All of the files contained within the zip file are extracted to the directory of your choice when you add the -d
option. Otherwise, unzip extracts the files into your current directory by default.

tar

Note: Unlike the other archive options, the tar command does not compress .tar files. tar just bundles up
the files into a single archived file. Therefore, if you ever see a file ending in just ‘.tar’, you already know that
the archive process applied no compression on the files contained within that archive.

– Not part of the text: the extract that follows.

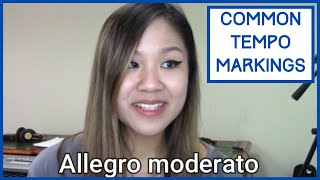 Music Terminology: Common Tempo Markings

The tar command has a few more options than the zip command did. The most commonly used options for the tar command
includes the following:

  • -c: creates a new .tar archive file
  • -v: verbosely shows the tar process so you can see all the steps in the process
  • -f: specifies the file name type of the archive file
  • -x: extracts files from an existing .tar file

The following example shows the basic syntax of the tar command to create an archive:

$ tar -cvf <name of archive file>.tar <directory to archive or files to archive>

Use the following command to archive the Pictures directory:

$ tar -cvf pictures.tar /home/user/Pictures

To extract a preexisting .tar archive file, replace the -c with a -x, as shown the following example:

$ tar -xvf <name of archive file>.tar

As in the case of the unzip command, tar extracts the .tar contents to your current location,
by default. To extract .tar file contents somewhere else, use the following command:

$ tar -xvf (name of archive file).tar -C /path/to/desired/directory/location/

tar.gz

Tar.gz files add compression to the archive function of the tar command by using the gzip function.

You need to add only the -z option to the basic tar command to add compression, as shown in the
following example:

$ tar -zcvf <archive name>.tar.gz /directory/you/want/to/compress
OR
$ tar -zcvf <archive name>.tar.gz ‘*.jpg’

As with tar, use ‘-c’ is used to create an archive and ‘-x’ to extract it, as shown in the following example:

$ tar -zxvf <archive name>.tar.gz
OR
$ tar -zxvf <archive name>.tar.gz -C /path/to/desired/directory/

tar.bz2

Let’s say you have an extra-large directory that you want to compress as much as possible.
If tar.gz results in an over-sized file, try using tar.bz2 instead. Note that this option does take a little
longer.

This archive method adds only one new option: -j, as shown in the following example:

$ tar -jcvf <archive name>.tar.bz2 /directory/to/compress
OR
$ tar -jcvf <archive name>.tar.bz2 ‘*.jpg’

Again, to extract a .tar.bz2 file, switch the -c for -x, as shown in the following examples:

$ tar -jxvf <archive name>.tar.bz2
OR
$ tar -jxvf <archive name>.tar.bz2 -C /directory/to/extract/to/

Conclusion

You now know how to use the most common data compression tools available. Each option has its place.

  • Do you need to send a compressed file to someone who uses a different operating system than you? Try zip.
  • Would you like to archive some files, but you don’t need to compress them? Use tar.
  • Perhaps you need to compress the files after all. Use tar.gz.
  • Finally, if you want that directory squeezed down as much as possible, you have .tar.bz2 at your disposal.

With experience, you'll get comfortable with which tool is going to best suit your needs at any given time.